I love that American cuisine in an amalgam of hundreds of different cultures. This Melting Pot tradition stems from the original Settlers. They combined their traditional English cooking methods with the new ones they learned from the Native Americans.
The introduction of Russian cuisine to America began with the millions of Russian immigrants who came to the United States between 1880 and World War I. One of the most iconic dishes is Beef Stroganoff. Something magical happens when you mix in sour cream to finish a dish. The Better Homes & Gardens Heritage Cookbooks says it best, “[Sour cream] is used in many ways in many [Russian] recipes, and in Beef Stroganoff it is used to perfection…The flavor has enchanted Americans for decades.”

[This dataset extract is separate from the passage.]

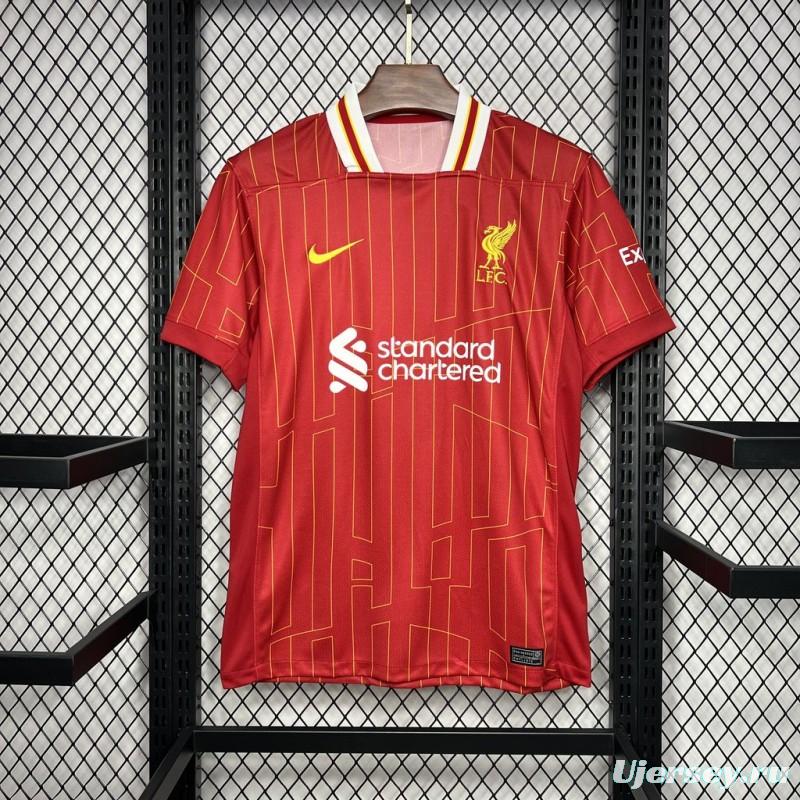 24/25 Liverpool Home Jersey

When I was in St. Louis several months ago for another round of wedding planning, I managed to slip away to my favorite bookstore, The Book House. There are thousands of new, used and antique books tucked all over a charming historic Victorian house. I can never leave with just one! The best part is (yes, it get’s better!) they give a portion of their proceeds to charity. Recently The Book House has been struggling to keep the house. A developer wants to demolish it. You can read all about it on their blog.

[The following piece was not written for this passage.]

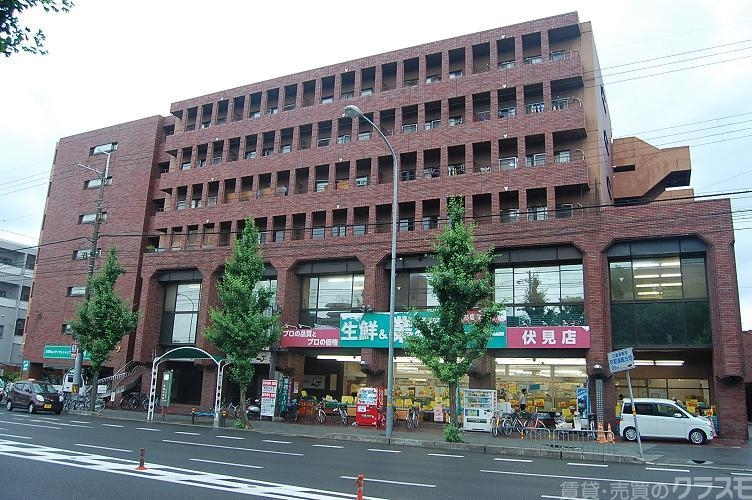 足立ハイツ竹田の建物外観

I’m sorry, that was a tangent! One of the treasures that I found during my last visit was the Better Homes & Gardens Heritage Cookbook (1975). One of the recipes that caught my eye (there were dozens!) was the Beef Stroganoff, so without further detours into my other passions, I bring you the most delicious Beef Stroganoff recipe that I have ever tried!
A note on my wine: I had previously opened the bottle of white Burgundy pictured below, and decided to see how it would do in the kitchen. It was magnificent. It’s definitely a pricier bottle but it tasted better each day that I had a glass. If you are in Atlanta you can find it at Highland Fine Wine and Crystal. This experiment just proves that the better the wine, the better the final dish. It is especially important in Beef Stroganoff because the wine flavor doesn’t really get cooked.